◆ MATERIAL PROVIDED ◆

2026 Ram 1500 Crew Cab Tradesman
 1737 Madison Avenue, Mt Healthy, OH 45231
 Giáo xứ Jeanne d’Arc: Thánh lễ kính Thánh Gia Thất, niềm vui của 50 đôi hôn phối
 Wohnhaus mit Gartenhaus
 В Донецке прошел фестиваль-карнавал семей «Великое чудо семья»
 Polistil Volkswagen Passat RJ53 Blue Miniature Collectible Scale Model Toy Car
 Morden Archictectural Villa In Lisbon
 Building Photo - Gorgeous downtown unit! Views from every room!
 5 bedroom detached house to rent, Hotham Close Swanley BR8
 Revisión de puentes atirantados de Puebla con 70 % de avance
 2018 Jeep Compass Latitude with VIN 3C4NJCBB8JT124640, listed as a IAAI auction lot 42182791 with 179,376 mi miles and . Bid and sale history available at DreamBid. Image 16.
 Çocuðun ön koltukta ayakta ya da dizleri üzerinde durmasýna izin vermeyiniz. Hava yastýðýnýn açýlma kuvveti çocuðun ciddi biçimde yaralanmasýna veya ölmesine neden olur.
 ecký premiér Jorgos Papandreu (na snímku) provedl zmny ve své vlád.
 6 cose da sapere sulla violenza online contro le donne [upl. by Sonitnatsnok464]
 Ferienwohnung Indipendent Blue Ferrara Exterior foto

◆ EXERCISE DIRECTIONS ◆
The records above must be retyped in full, exactly.

◆ EXPECTED OUTPUT ◆
2026 Ram 1500 Crew Cab Tradesman
 1737 Madison Avenue, Mt Healthy, OH 45231
 Giáo xứ Jeanne d’Arc: Thánh lễ kính Thánh Gia Thất, niềm vui của 50 đôi hôn phối
 Wohnhaus mit Gartenhaus
 В Донецке прошел фестиваль-карнавал семей «Великое чудо семья»
 Polistil Volkswagen Passat RJ53 Blue Miniature Collectible Scale Model Toy Car
 Morden Archictectural Villa In Lisbon
 Building Photo - Gorgeous downtown unit! Views from every room!
 5 bedroom detached house to rent, Hotham Close Swanley BR8
 Revisión de puentes atirantados de Puebla con 70 % de avance
 2018 Jeep Compass Latitude with VIN 3C4NJCBB8JT124640, listed as a IAAI auction lot 42182791 with 179,376 mi miles and . Bid and sale history available at DreamBid. Image 16.
 Çocuðun ön koltukta ayakta ya da dizleri üzerinde durmasýna izin vermeyiniz. Hava yastýðýnýn açýlma kuvveti çocuðun ciddi biçimde yaralanmasýna veya ölmesine neden olur.
 ecký premiér Jorgos Papandreu (na snímku) provedl zmny ve své vlád.
 6 cose da sapere sulla violenza online contro le donne [upl. by Sonitnatsnok464]
 Ferienwohnung Indipendent Blue Ferrara Exterior foto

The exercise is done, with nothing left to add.